What to work on
Copy exactly the stretch of data below from the line with "Hairless rubber gimp plugged" through the line with "Zijwaarts schot van", including both of those lines.

Material for this exercise
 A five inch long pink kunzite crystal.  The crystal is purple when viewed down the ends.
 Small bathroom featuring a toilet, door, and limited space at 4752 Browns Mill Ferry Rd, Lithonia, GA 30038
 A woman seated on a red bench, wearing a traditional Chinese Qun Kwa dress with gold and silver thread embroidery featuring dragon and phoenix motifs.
--
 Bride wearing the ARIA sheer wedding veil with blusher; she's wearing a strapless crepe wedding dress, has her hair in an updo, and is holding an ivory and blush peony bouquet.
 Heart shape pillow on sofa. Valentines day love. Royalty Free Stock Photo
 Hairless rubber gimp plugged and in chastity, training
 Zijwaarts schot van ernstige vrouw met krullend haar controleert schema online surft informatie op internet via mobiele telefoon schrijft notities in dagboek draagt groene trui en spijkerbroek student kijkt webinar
...
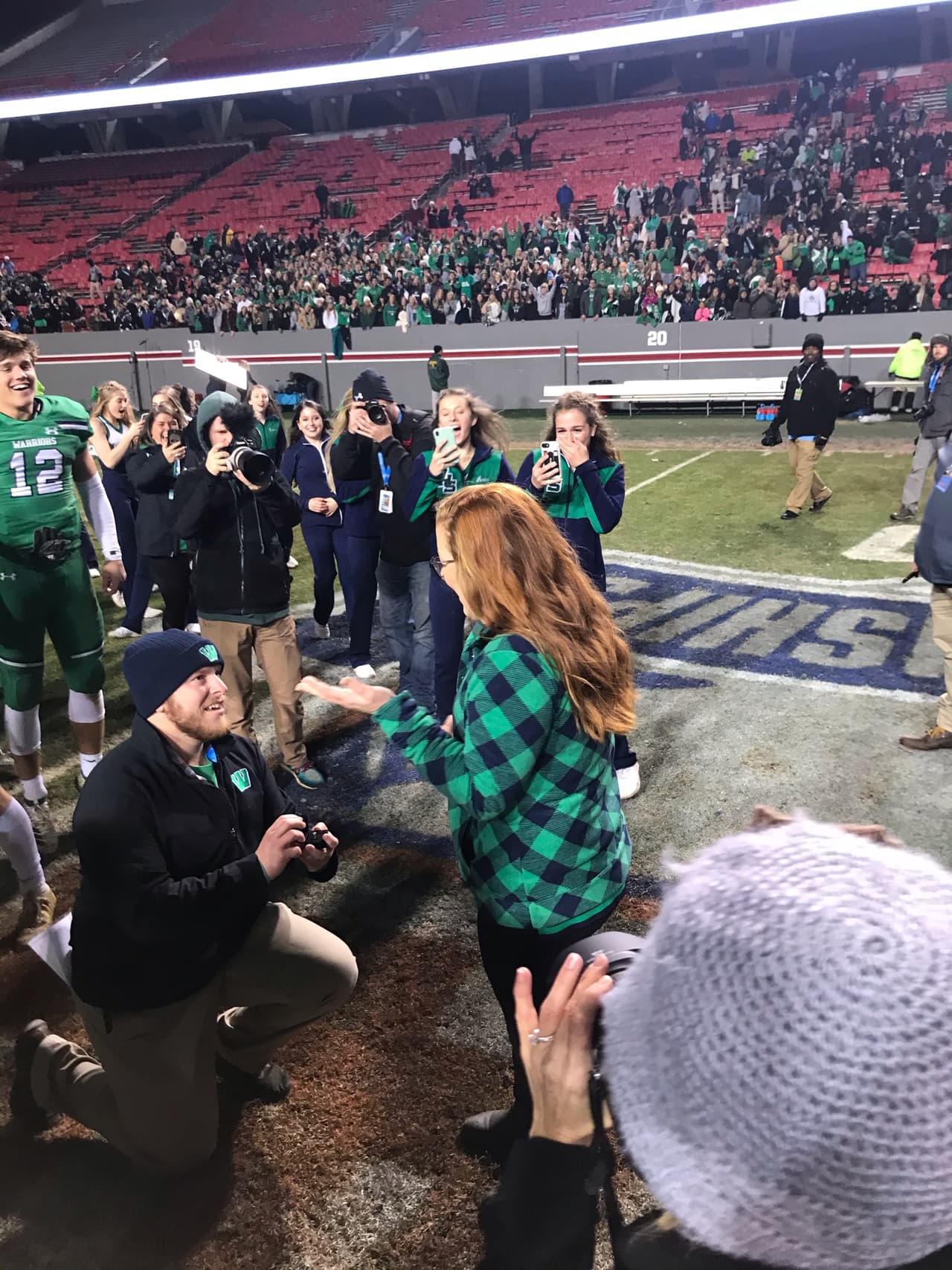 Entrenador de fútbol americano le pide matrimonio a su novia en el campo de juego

Answer to the problem
 Hairless rubber gimp plugged and in chastity, training
 Zijwaarts schot van ernstige vrouw met krullend haar controleert schema online surft informatie op internet via mobiele telefoon schrijft notities in dagboek draagt groene trui en spijkerbroek student kijkt webinar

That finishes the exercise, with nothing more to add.